I still wanted to do something cool and unique for this project because I enjoy the design aspect of dashboarding. For the last two years, "Dark Mode" versions of applications became really popular and visually appealing. I wanted to take my crack at it. I'm pretty new to design, so it's in your best interest to read this guide on it instead.
Guide on Dark mode
The first thing that I did was brainstorm the graphs that I wanted to add to the dashboard. I made a draft dashboard based on these graphs and filters.
I knew that I wanted the following sections below:
- Pie Graph that shows total employees
- Bar Graph for underpaid employees
- Drill down horizontal bar graph of "Department → Employees"
- Male / Female Filter
- Title
- Description
- Emoji's and links
Once I had those sections planned out, I just made the template for this dashboard using Tableau
After I had the dashboard planned out, I designed it out on Figma.
Figma Design
3) Executing - Figma / Tableau
This part was really easy. It basically came down to making the sheets that I need and putting it in the the right area. I mastered containers in Tableau, so it's really easy for me to build clean looking dashboards.

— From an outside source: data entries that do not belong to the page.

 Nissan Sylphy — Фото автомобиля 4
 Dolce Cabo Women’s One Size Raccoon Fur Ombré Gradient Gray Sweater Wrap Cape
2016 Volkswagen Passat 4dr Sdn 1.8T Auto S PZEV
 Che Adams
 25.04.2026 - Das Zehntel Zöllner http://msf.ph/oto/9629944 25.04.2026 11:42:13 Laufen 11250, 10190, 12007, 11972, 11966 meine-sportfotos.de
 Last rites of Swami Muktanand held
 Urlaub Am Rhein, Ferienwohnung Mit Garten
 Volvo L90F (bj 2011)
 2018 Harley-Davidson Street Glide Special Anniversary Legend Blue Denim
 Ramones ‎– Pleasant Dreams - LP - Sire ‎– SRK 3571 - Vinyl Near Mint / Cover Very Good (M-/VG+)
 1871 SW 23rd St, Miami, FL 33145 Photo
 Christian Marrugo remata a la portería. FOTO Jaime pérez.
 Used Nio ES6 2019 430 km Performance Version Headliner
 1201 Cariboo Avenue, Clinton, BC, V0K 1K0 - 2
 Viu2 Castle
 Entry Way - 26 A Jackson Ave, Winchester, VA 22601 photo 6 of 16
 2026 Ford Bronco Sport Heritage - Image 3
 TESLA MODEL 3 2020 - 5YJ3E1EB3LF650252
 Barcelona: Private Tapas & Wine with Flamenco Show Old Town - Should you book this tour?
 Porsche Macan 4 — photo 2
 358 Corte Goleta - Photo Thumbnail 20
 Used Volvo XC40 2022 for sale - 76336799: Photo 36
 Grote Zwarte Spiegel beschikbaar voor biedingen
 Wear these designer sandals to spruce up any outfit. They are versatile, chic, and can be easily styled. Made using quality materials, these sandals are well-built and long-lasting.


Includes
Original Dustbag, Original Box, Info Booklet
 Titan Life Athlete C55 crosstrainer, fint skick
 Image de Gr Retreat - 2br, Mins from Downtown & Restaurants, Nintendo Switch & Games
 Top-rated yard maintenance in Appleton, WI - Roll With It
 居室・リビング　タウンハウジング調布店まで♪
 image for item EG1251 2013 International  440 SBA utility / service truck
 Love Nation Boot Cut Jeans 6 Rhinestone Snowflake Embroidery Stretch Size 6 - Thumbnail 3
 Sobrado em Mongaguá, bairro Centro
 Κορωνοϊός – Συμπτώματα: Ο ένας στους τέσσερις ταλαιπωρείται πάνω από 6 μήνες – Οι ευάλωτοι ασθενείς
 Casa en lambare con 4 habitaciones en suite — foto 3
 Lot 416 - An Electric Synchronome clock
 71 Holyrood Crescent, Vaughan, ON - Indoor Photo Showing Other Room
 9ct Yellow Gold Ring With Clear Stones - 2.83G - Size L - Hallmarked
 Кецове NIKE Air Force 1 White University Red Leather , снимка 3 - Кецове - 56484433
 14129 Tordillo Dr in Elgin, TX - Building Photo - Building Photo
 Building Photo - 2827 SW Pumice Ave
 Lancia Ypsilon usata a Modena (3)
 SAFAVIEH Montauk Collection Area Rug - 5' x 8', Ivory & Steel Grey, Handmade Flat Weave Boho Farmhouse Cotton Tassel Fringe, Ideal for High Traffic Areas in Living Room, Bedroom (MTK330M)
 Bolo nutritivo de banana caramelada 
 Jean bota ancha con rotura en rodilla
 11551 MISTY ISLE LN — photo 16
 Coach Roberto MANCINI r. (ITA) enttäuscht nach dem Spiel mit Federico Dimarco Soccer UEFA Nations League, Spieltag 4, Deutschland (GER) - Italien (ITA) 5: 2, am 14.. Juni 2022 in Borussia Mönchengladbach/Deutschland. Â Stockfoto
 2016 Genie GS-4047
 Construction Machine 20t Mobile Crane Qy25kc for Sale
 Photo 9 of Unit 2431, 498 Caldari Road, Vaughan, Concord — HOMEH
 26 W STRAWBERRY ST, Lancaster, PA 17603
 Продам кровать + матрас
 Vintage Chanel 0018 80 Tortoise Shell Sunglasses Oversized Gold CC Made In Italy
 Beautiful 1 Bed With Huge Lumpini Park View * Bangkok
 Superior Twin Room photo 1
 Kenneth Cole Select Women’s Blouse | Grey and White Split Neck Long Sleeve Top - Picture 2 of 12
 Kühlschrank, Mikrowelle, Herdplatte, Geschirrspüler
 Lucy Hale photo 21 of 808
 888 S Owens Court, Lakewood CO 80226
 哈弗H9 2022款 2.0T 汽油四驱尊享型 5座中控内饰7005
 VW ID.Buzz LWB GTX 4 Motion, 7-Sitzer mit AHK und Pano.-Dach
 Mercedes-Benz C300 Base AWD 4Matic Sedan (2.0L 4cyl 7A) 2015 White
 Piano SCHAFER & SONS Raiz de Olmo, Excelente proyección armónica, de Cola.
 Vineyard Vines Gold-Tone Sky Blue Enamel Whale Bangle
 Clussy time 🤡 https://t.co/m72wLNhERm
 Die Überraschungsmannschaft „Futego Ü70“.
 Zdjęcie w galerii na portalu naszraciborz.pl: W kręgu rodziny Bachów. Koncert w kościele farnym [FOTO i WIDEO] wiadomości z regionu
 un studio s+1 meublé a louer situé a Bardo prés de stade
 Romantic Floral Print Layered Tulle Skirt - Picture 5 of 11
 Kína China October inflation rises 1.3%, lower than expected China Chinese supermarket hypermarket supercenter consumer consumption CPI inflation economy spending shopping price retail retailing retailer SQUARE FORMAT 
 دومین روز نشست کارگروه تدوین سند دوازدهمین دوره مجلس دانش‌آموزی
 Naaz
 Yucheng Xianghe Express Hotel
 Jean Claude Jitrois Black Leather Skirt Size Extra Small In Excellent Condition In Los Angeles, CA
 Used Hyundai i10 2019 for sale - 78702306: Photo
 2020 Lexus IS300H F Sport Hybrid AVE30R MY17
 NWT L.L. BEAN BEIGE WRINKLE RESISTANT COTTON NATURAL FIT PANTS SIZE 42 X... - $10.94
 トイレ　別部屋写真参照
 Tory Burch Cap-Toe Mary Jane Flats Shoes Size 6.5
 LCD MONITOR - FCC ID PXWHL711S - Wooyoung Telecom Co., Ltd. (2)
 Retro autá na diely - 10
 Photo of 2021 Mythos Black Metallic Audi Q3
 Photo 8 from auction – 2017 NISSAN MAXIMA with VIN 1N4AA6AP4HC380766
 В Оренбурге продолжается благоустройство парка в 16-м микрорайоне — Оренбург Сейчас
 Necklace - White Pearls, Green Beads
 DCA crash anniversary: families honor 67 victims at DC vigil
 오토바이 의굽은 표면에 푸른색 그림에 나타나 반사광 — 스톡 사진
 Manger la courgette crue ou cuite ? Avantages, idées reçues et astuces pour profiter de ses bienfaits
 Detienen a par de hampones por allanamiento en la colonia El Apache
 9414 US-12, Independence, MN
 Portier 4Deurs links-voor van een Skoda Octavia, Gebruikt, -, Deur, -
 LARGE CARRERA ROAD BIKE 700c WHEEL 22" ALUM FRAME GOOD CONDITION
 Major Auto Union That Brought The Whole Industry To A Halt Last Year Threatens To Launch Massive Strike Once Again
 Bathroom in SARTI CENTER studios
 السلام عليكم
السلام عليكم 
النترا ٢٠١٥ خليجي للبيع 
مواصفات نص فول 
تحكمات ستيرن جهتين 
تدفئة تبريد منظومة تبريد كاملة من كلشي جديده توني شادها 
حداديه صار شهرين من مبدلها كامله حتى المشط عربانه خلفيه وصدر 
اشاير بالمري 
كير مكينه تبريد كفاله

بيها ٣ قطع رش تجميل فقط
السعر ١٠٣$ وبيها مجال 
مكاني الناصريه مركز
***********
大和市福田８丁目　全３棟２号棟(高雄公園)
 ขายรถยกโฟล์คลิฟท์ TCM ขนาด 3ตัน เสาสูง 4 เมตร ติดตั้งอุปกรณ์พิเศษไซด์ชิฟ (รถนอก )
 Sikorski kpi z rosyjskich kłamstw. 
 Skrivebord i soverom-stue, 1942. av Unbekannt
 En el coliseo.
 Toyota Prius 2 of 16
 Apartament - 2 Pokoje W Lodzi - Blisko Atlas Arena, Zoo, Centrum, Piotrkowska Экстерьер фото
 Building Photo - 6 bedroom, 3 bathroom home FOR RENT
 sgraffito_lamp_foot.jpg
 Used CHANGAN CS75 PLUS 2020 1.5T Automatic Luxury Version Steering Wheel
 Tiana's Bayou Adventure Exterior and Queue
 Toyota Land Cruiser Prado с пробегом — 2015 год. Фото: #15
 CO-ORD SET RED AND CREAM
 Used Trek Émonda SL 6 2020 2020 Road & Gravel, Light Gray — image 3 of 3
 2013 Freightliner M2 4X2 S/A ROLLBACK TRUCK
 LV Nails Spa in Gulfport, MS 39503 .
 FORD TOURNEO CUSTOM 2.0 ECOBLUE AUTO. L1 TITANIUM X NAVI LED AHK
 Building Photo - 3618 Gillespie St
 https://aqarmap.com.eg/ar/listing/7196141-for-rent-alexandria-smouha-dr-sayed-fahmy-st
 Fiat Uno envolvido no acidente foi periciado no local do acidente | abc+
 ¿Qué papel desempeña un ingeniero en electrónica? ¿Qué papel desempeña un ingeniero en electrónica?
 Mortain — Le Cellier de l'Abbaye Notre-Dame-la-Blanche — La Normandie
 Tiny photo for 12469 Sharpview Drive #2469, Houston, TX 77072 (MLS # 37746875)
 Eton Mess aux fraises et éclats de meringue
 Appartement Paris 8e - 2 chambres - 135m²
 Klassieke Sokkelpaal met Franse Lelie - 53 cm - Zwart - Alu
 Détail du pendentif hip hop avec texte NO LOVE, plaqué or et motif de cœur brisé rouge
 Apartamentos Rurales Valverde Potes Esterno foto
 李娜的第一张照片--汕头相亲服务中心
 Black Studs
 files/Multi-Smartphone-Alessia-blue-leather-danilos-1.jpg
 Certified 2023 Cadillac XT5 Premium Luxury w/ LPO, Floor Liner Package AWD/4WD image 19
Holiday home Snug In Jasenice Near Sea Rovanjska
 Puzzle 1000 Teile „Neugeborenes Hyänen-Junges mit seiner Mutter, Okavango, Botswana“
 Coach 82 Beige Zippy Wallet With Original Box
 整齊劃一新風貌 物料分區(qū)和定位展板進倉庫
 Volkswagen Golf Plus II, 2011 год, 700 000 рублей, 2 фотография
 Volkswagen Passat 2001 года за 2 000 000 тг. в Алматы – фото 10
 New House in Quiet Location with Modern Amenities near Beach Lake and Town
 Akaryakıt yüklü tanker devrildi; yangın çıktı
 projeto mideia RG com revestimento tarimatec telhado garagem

You can tell the difference between someone good at Tableau vs someone who just picked it up by looking at their "Item Hierarchy".
Item Hierarchy
Final Deliverable
Further Questions
After completing this project, there was a couple things that I thought would be interesting.
- Thought would be interesting to have the max salary per position.
- I could also add a button that shows more detailed information regarding underpaid umployees
- It would be interesting to find the percentage of employees that would leave if they are underpaid.
- I might actually work on this and try to find the p-value.